Let $K$ be an algebraically closed field. Let $G_m$ be the multiplicative subgroup of $K$. In Lectures on Linear Algebraic Groups by Tamás Szamuely (you can easily find these notes online) it is said that $G_m$ is an affine algebraic group, actually isomorphic to the affine hyperbola $($i.e $V(f)$ where $f=x_1x_2-1 \in K[x_1,x_2])$. I have two questions regarding this matter:
Why is $G_m$ an affine variety? I cannot understand $G_m$ as the zero-locus in a certain affine n-space over $K$ of a finite family of polynomials of n indeterminates over $K$ such that it generates a prime ideal of $K[x1,...,x_n]$.
I tried to verify that the affine hyperbola is actually an affine algebraic group. I would appreciate if someone could verify the correctness of the following argument which I gave:
The set $G=\{(u,u^{-1})$ $|$ $u\in K^*\}$ is a subgroup of the direct product $G_m\times G_m$. Also, $G\subset K\times K$ (as the affine hyperbola) is an affine variety since $G=V(f)$ where $f=x_1x_2-1 \in K[x_1,x_2]$. It remains to show that both multiplication $m:G \times G \longrightarrow G$ and inversion $i:G \longrightarrow G$ are regular maps.
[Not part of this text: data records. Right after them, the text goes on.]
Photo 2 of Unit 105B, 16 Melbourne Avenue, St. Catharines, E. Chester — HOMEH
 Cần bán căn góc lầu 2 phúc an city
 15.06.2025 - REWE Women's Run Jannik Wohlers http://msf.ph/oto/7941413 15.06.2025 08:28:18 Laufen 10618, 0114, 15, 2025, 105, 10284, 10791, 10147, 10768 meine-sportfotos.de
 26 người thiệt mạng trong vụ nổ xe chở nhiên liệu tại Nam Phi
To do so, we must be able to write $m=(f_1,f_2)$ and $i = (f_3,f_4)$ for polynomials $f_1,f_2 \in K[x_1,x_2,x_3,x_4]$ and $f_3,f_4 \in K[x_1,x_2]$ $($here we make the natural identification $K^2 \times K^2 = K^4)$. Let $P :=(u,u^{-1},v,v^{-1}) \in G \times G$. Then for $m$ we have $m(P) = (uv,u^{-1}v^{-1}) = (f_1(P),f_2(P))$ where $f_1 = x_1x_3 $ and $f_2 =x_2x_4$. Similarly, let $Q:=(u,u^{-1}) \in G$. Then $i(Q)=(u^{-1},u)=(f_3(Q),f_4(Q))$ where $f_3 = x_2$ and $f_4=x_1$. This shows that $G$ is an affine algebraic group.
A priori, if we write $\mathbb G_m := \mathbb A^1\setminus \{0\}$, then it is a quasi-affine variety (i.e. a Zariski open subset of an affine variety). However, the projection from the affine hyperbola is an isomorphism (in the category of quasi-affine varieties), and so $\mathbb G_m$ is isomorphic to an affine variety.
By an absolutely standard abuse of language, we say that $\mathbb G_m$ is itself an affine variety.